Applescript - Code to solve the Daily Telegraph 'Safe Cracker' puzzle
I don't know if anyone is going to be interested in this (or if it the correct place to post it!). I spent a couple of hours trying to write a Script that would solve the 'Safe Cracker' puzzle from the newspaper. My code worked but as you will see, it is very clunky and not at all well written (plus some of my maths is suspect!). I'm not really looking for critique on the code because it was only a test to see if I could do it, but I wound be really interested to see if someone has done a better job!
set ListNoZeros to {}
set ListNoRepeats1 to {}
set ListNoRepeats2 to {}
set ListNoRepeats3 to {}
set ListNoRepeats4 to {}
set ListNoRepeats5 to {}
set ListNoRepeats6 to {}
set ListNoRepeats7 to {}
set ListNoRepeats8 to {}
set ListNoRepeats9 to {}
set ListNoRepeats10 to {}
set ListNoRepeats11 to {}
set ListNoRepeats12 to {}
set ListNoRepeats13 to {}
set ListNoRepeats14 to {}
set ListNoRepeats15 to {}
set ListNoRepeats16 to {}
set ListAnswer to {}
repeat with a from 1234 to 9876
--split the number into seperate digits
set theNumber to a as string
set String1 to characters 1 thru 1 of theNumber
set String2 to characters 2 thru 2 of theNumber
set String3 to characters 3 thru 3 of theNumber
set String4 to characters 4 thru 4 of theNumber
set Num1 to String1 as number
set Num2 to String2 as number
set Num3 to String3 as number
set Num4 to String4 as number
-- Remove all zeros
if Num1 is not 0 and Num2 is not 0 and Num3 is not 0 and Num4 is not 0 then copy a to the end of ListNoZeros -- Number of posibilities = 6357
end repeat
-- Is each number different? (Testing 1 & 2)

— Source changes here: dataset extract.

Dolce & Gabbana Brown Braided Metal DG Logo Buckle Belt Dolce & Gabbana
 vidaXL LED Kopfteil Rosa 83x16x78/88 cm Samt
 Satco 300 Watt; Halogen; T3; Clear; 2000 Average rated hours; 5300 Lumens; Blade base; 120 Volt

repeat with b from 1 to length of ListNoZeros
set theCurrentListItem to item b of ListNoZeros
--split the number into seperate digits
set theNumber to theCurrentListItem as string
set String1 to characters 1 thru 1 of theNumber
set String2 to characters 2 thru 2 of theNumber
set String3 to characters 3 thru 3 of theNumber
set String4 to characters 4 thru 4 of theNumber
--Convert back to number
set Num1 to String1 as number
set Num2 to String2 as number
set Num3 to String3 as number
set Num4 to String4 as number
if Num1 / Num2 is not equal to 1 then copy theCurrentListItem to the end of ListNoRepeats1 -- Number of posibilities = 5790
end repeat
-- Is each number different? (Testing 1 & 3)

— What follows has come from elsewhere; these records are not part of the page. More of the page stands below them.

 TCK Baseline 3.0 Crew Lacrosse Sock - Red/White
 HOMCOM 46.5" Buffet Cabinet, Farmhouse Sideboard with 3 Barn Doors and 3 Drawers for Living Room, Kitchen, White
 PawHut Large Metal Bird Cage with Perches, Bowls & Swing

repeat with c from 1 to length of ListNoRepeats1
set theCurrentListItem to item c of ListNoRepeats1
--split the number into seperate digits
set theNumber to theCurrentListItem as string
set String1 to characters 1 thru 1 of theNumber
set String2 to characters 2 thru 2 of theNumber
set String3 to characters 3 thru 3 of theNumber
set String4 to characters 4 thru 4 of theNumber
--Convert back to number
set Num1 to String1 as number
set Num2 to String2 as number
set Num3 to String3 as number
set Num4 to String4 as number
if Num1 / Num3 is not equal to 1 then copy theCurrentListItem to the end of ListNoRepeats2 -- Number of posibilities = 5160
end repeat
-- Is each number different? (Testing 1 & 4)

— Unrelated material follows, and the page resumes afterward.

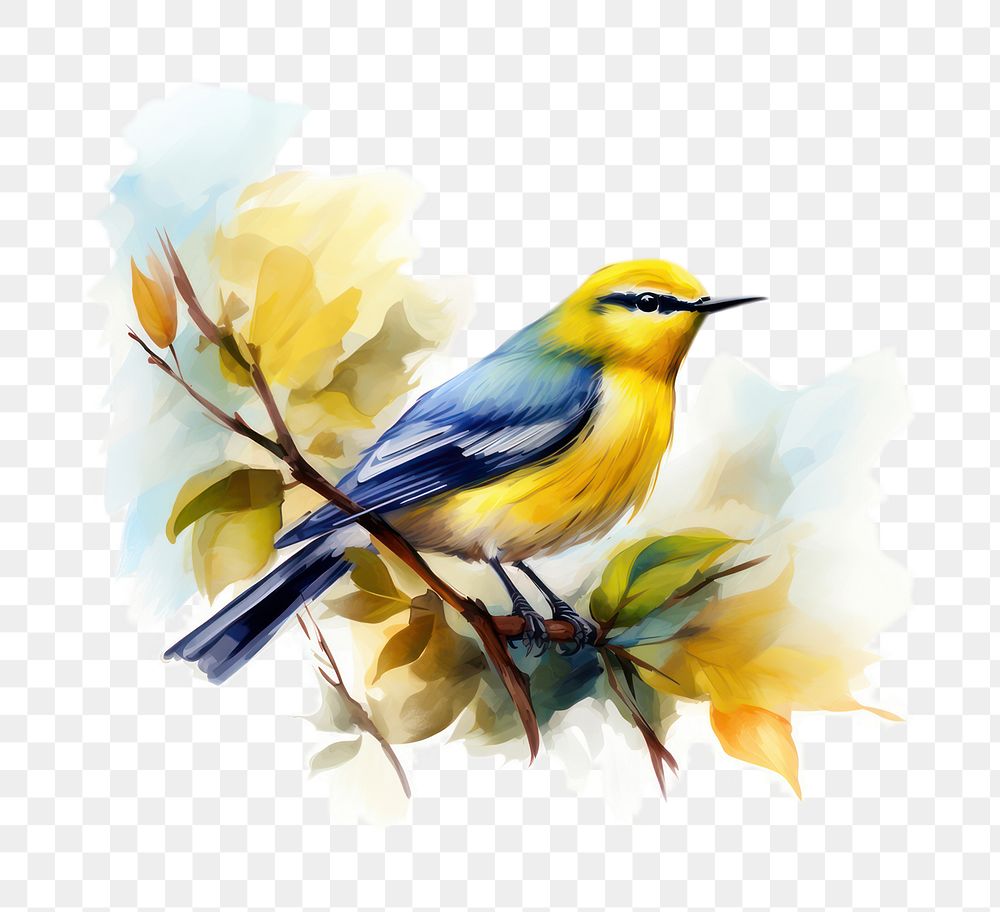 PNG Painting animal canary bird. AI generated Image by rawpixel.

repeat with d from 1 to length of ListNoRepeats2
set theCurrentListItem to item d of ListNoRepeats2
--split the number into seperate digits
set theNumber to theCurrentListItem as string
set String1 to characters 1 thru 1 of theNumber
set String2 to characters 2 thru 2 of theNumber
set String3 to characters 3 thru 3 of theNumber
set String4 to characters 4 thru 4 of theNumber
--Convert back to number
set Num1 to String1 as number
set Num2 to String2 as number
set Num3 to String3 as number
set Num4 to String4 as number
if Num1 / Num4 is not equal to 1 then copy theCurrentListItem to the end of ListNoRepeats3 -- Number of posibilities = 4588
end repeat
-- Is each number different? (Testing 2 & 3)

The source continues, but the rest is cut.